Не мешкая, Лена с влажным звуком выдернула топор и снова занесла его для удара.
- Сдохни, тварь! - крикнула Лена и снова ударила, но не попала.
На этот раз проворно уклонившаяся Марина захохотала. И этот смех гадливо прошёлся по коже Лены, словно россыпью шевелящихся личинок. Она вздрогнула, чувствуя, как спадает адреналин.
- Обещаю, что ты поплатишься за это, падаль! Немедленно брось топор по-хорошему... А сейчас я закончу с нашей мамой, пока она ещё съедобна, - зловеще пророкотала Марина.
Она явно не воспринимала сестру как угрозу своей жизни всерьёз, и Лена не понимала, почему так. Неужели Марине не больно, или, может быть, топором сестру не остановить?
- Нет. Прочь от мамы, тварь! - нашла в себе силы крикнуть Лена.
На этот раз она подошла к сестре вплотную и со спины, со всей силы, с криком ударила ту в шею.
Крови было на удивление мало. Марина не кричала от боли, а издала странный фыркающий звук, собираясь то ли повернуться к Лене, то ли вытащить топор. Лена едва не впала в ступор, в глубине тела от содеянного зарождалась нехорошая дрожь.
И тут мама с кровати произнесла что-то неразборчивое, послужившее для Лены спусковым крючком. Если она сейчас отступит, то проиграет и мама. Точно не выживет.
Девушка глубоко вздохнула и, с хриплым животным криком резко вытащив топор из шеи сестры, ударила им снова, затем ещё и ещё, пока не отрубила Марине голову.
Голова сестры покатилась по полу. Из обрубка шеи вдруг брызнуло фонтаном крови прямо в лицо Лены.
Кровь сестры была ледяной, густой и липкой, словно патока. Руки и ноги обезглавленной Марины резко задрожали, затем обмякли. Тело мешком осело на пол.
На мгновение среди грохота грома снаружи в спальне зависла тяжёлая, давящая тишина.

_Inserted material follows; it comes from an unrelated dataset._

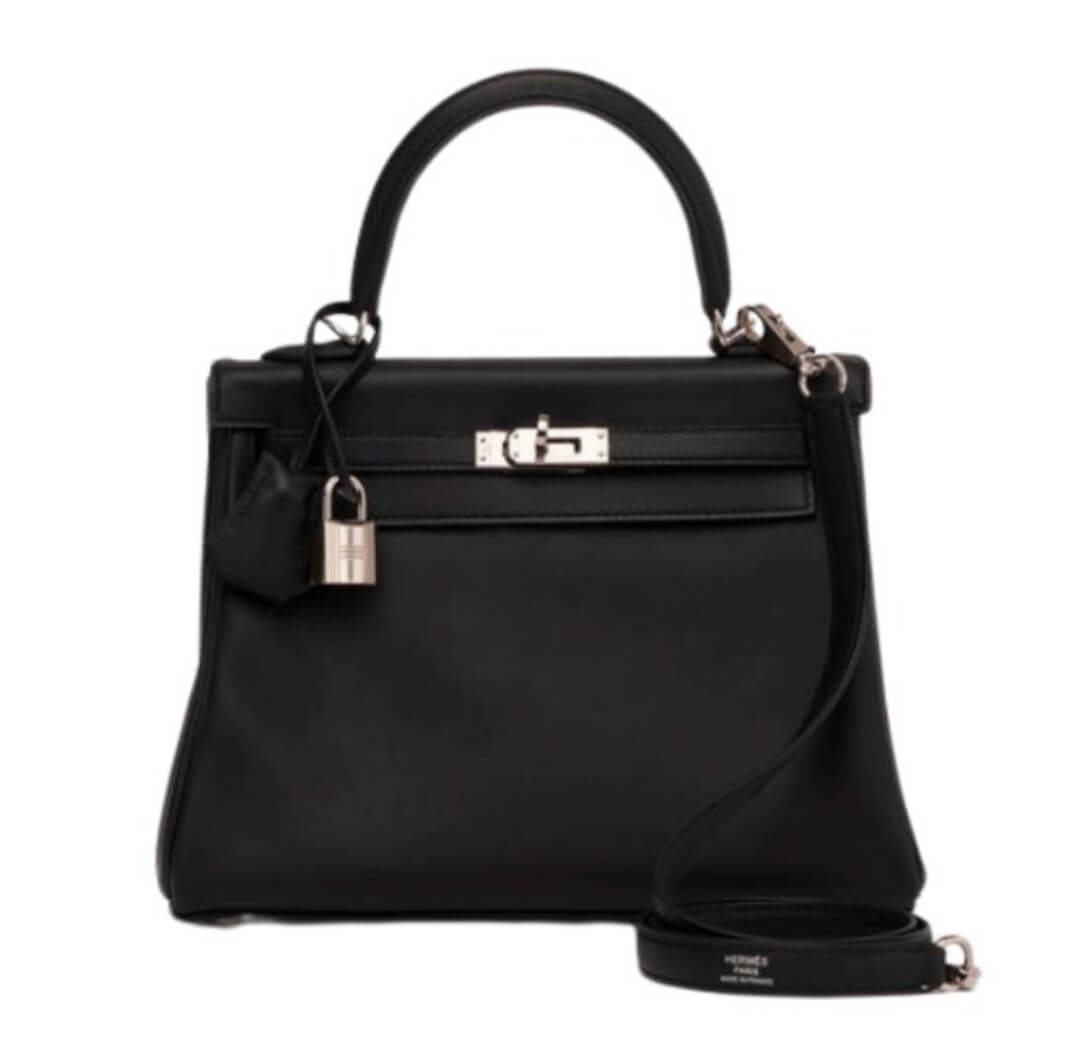 Hermès Kelly25 Black Swift&Palladium Hardware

Лена часто дышала. В голове стало пусто. Руки и ноги налились свинцом. А сердце стучало в груди так сильно, будто собиралось сломать рёбра и выпрыгнуть.

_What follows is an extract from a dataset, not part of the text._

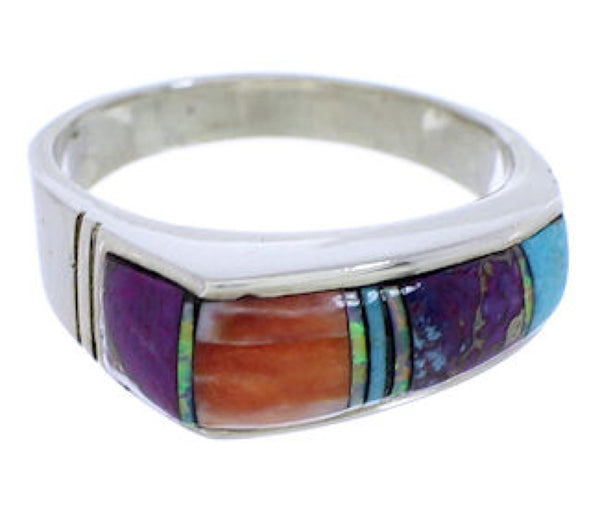 Southwest Turquoise Multicolor Sterling Silver Ring Size 8-1/2 JX37923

«Ну, вот и всё, - отупело подумала Лена. - Я убила её, свою сестру».
И вдруг голова Марины на полу фыркнула, а потом жутко захохотала.
- Мелкая поганка. Неужели ты думала, что сможешь так просто покончить со мной? - злобно произнесла Марина. - Я теперь бессмертна. Как ни руби меня топором, кости и жилы мои снова срастутся. Он так сказал, - и, зашипев, голова затихла.
Неожиданно обезглавленное тело Марины привстало с пола и, как по команде, направилось к голове. Лена заметила, что кровь перестала течь из раны сестры на шее.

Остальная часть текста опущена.